■ Task requirements
Every record needs to come back as written, except for the pictures.

Top of Data for this exercise

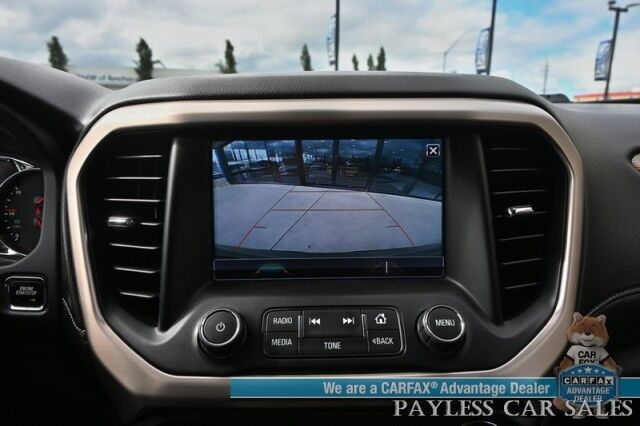 2019 GMC Acadia Denali Anchorage AK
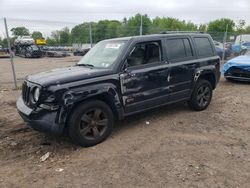 2017 Jeep Patriot Sport en venta en Chalfont, PA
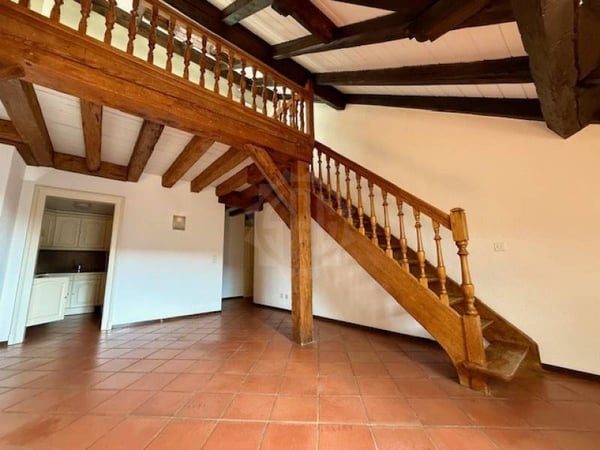Charmant appartement - La Rippe 8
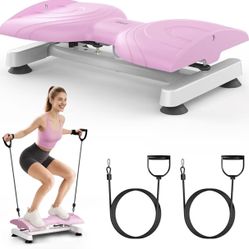 Waist Twister Machine Exercise - Brand New 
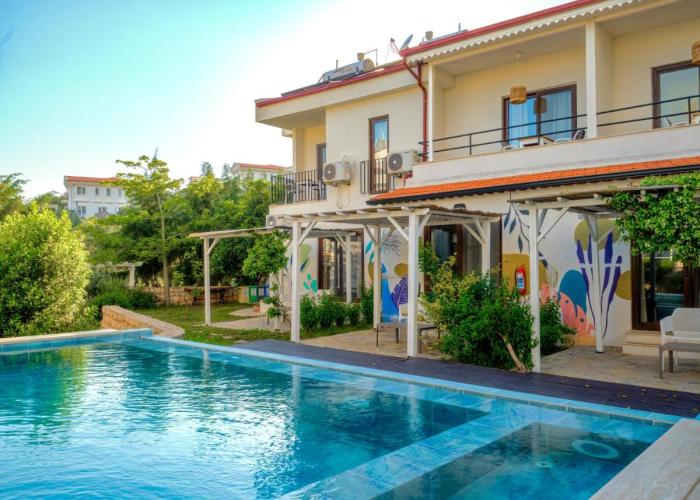 Paydos Otel Yarımada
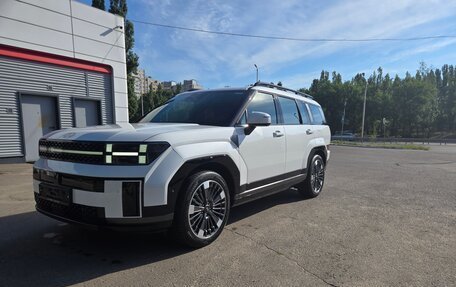 Hyundai Santa Fe IV, 2025 год, 5 500 000 рублей, 2 фотография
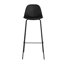 Tabouret de bar et de comptoir en cuir Kody-1955951732-1935112449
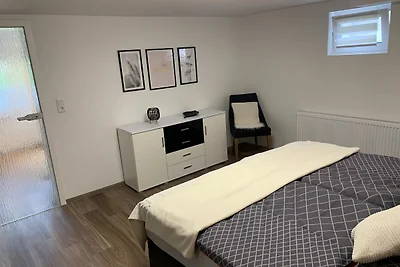 Ferienwohnung MONTE in Walsrode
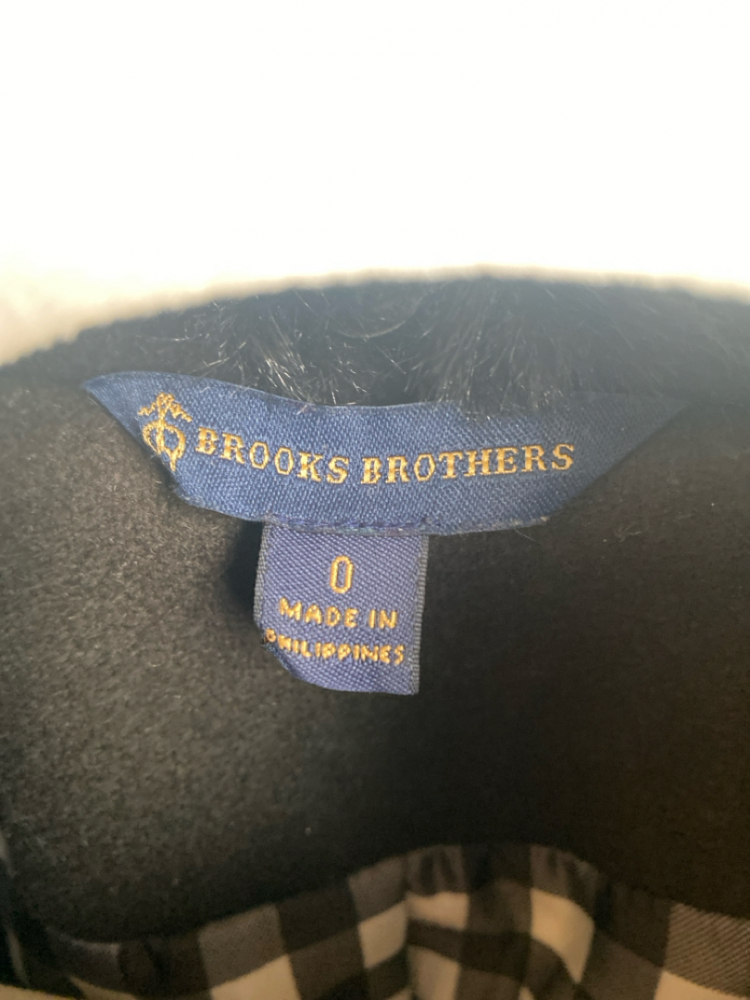Brooks Brothers Duffel-coat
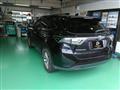 2014 Toyota Harrier
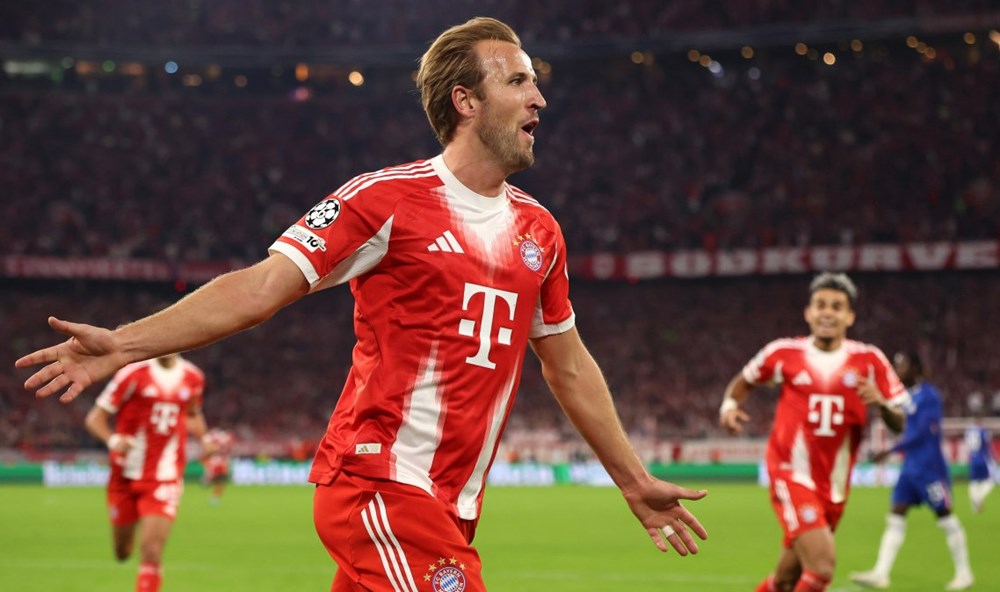 Nhận định trận đấu Bayern Munich vs Club Brugge, 2h00 ngày 23.10: Cán cân chênh lệch - ảnh 2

Bottom of Data for this exercise

■ Task answer
 2019 GMC Acadia Denali Anchorage AK
 2017 Jeep Patriot Sport en venta en Chalfont, PA
Charmant appartement - La Rippe 8
 Waist Twister Machine Exercise - Brand New 
 Paydos Otel Yarımada
 Hyundai Santa Fe IV, 2025 год, 5 500 000 рублей, 2 фотография
 Tabouret de bar et de comptoir en cuir Kody-1955951732-1935112449
 Ferienwohnung MONTE in Walsrode
Brooks Brothers Duffel-coat
 2014 Toyota Harrier
 Nhận định trận đấu Bayern Munich vs Club Brugge, 2h00 ngày 23.10: Cán cân chênh lệch - ảnh 2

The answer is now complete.